4.15.         Material Contracts and Obligations. Included in Section 4.15 of the Company Disclosure Letter is a list of all agreements, contracts, indebtedness, liabilities and other obligations to which the Company is a party or by which it is bound that are material to the conduct and operations of its business and properties, specifically including those which provide for payments in any fiscal year to or by the Company in excess of $10,000, which obligate the Company to share, license or develop any product or technology, which purports to restrict or limit the ability of the Company from freely engaging in any line of business anywhere in the world or competing with any other Person, which provides for any joint venture or partnership involving the Company, or which involve transactions or proposed transactions between the Company and its officers, directors, affiliates or any affiliate thereof. Copies of such agreements and contracts and documentation evidencing such liabilities and other obligations have been made available for inspection by MBI and its counsel. All of such agreements and contracts are valid, binding obligations of the Company and are in full force and effect in all material respects, assuming due execution by the other parties to such agreements and contracts. The Company has no Knowledge of any breach or anticipated breach by any other parties to any contract, agreement or instrument included in Section 4.15 of the Company Disclosure Letter.

 

4.16.         Private Placements.
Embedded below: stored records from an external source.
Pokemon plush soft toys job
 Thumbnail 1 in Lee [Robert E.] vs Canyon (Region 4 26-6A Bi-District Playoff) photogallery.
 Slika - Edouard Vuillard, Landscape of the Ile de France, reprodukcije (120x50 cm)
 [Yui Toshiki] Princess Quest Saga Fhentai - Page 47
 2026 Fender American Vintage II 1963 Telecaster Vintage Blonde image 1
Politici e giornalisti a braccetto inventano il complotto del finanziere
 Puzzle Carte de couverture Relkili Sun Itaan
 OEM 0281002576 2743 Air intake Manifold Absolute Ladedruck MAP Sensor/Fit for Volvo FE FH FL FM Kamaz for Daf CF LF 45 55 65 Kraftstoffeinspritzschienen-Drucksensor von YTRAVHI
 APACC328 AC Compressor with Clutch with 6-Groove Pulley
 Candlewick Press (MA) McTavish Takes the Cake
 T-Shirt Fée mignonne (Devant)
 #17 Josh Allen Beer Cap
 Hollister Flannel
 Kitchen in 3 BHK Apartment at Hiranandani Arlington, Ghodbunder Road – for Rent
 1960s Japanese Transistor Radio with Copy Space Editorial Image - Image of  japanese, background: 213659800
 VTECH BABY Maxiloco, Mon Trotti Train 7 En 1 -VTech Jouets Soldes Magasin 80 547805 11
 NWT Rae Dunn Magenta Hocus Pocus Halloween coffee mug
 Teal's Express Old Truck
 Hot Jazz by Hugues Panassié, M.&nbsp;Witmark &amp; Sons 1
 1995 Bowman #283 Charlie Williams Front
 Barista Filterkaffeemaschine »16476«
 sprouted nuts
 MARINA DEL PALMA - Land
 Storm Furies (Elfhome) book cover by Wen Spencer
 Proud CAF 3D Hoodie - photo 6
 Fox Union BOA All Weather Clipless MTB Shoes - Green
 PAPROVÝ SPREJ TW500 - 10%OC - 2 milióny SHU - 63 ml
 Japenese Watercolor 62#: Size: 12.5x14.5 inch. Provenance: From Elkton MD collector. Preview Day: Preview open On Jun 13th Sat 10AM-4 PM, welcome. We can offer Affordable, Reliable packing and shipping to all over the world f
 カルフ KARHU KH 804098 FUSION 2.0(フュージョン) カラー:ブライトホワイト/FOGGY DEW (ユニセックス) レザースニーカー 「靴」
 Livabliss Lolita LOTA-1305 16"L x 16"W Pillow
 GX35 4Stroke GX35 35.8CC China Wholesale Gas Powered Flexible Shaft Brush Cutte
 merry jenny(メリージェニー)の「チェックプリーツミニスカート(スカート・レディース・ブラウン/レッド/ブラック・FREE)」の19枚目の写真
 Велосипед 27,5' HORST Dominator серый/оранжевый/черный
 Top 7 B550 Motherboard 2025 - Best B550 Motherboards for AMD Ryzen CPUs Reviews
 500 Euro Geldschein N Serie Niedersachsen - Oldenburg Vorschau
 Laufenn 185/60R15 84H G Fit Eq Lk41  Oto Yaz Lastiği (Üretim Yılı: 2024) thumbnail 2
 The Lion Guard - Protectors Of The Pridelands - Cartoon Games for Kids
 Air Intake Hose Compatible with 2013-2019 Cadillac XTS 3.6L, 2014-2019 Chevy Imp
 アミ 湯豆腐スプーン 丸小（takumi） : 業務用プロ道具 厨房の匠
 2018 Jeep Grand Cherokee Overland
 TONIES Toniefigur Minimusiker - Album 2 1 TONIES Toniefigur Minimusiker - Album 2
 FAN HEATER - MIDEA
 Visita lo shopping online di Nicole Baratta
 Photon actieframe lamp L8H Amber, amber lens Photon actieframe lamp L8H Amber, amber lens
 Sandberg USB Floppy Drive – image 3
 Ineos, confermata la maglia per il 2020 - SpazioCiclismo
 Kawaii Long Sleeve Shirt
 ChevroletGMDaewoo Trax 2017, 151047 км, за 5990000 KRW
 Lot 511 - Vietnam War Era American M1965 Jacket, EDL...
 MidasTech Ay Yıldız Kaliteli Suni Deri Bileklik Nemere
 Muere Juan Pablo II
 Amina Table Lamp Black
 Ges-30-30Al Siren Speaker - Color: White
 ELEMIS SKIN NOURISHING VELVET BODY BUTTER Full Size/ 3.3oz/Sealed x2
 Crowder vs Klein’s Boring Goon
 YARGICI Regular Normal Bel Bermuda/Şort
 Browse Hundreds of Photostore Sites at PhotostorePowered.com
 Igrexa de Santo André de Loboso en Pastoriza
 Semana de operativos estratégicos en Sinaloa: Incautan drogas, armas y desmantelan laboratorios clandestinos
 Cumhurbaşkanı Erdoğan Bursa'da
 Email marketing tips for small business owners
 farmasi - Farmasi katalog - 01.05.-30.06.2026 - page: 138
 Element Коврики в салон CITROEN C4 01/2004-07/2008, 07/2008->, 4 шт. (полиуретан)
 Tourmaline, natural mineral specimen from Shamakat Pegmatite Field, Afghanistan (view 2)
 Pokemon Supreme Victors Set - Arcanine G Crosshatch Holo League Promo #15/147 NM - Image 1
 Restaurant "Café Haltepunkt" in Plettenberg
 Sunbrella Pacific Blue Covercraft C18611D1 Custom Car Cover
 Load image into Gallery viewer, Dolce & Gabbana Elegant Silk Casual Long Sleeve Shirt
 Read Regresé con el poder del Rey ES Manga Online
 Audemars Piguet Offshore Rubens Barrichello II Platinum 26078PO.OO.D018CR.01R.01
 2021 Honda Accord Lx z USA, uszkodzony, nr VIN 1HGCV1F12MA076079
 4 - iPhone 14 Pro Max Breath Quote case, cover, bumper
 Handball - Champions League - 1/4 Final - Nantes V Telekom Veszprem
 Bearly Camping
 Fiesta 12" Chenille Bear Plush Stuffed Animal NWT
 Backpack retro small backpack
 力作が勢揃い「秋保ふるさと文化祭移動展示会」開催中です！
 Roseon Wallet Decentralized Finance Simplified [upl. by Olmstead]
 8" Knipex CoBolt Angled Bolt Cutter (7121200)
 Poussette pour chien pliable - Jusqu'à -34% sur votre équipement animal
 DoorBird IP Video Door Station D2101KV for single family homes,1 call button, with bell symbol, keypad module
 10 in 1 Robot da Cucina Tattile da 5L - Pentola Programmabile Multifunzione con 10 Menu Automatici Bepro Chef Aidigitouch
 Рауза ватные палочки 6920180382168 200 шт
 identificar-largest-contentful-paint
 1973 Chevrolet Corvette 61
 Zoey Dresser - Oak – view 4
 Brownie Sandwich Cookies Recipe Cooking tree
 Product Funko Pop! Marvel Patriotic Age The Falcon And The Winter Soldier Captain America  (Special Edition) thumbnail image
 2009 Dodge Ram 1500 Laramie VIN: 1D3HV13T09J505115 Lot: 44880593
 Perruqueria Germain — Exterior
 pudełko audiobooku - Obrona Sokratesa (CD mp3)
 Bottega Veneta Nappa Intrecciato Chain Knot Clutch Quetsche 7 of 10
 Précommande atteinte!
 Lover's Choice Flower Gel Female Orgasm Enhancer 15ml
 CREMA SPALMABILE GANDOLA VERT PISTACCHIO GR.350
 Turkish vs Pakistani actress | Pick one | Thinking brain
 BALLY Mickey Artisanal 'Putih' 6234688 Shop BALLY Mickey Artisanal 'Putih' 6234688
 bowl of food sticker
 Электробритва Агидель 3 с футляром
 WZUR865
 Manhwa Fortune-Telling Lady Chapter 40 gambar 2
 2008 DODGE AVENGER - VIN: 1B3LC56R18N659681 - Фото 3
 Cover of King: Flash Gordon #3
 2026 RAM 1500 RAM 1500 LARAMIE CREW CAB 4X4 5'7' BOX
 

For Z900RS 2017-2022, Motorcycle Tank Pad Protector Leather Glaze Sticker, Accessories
All securities issued by the Company prior to the date hereof have been issued in transactions exempt from registration under the Securities Act and all applicable state securities or “blue sky” Laws, and the Company has not violated the Securities Act or any applicable state securities or “blue sky” Laws in connection with the issuance of any such securities.

 

4.17.         Brokers or Finders; Other Offers. Except as set forth in Section 4.17 of the Company Disclosure Statement, the Company has not incurred and will not incur, directly or indirectly, as a result of any action taken by the Company, any liability for brokerage or finders’ fees or agents’ commissions or any similar charges in connection with this Agreement.

 

 -10- 
 

 

4.18.         Tax Return and Payments.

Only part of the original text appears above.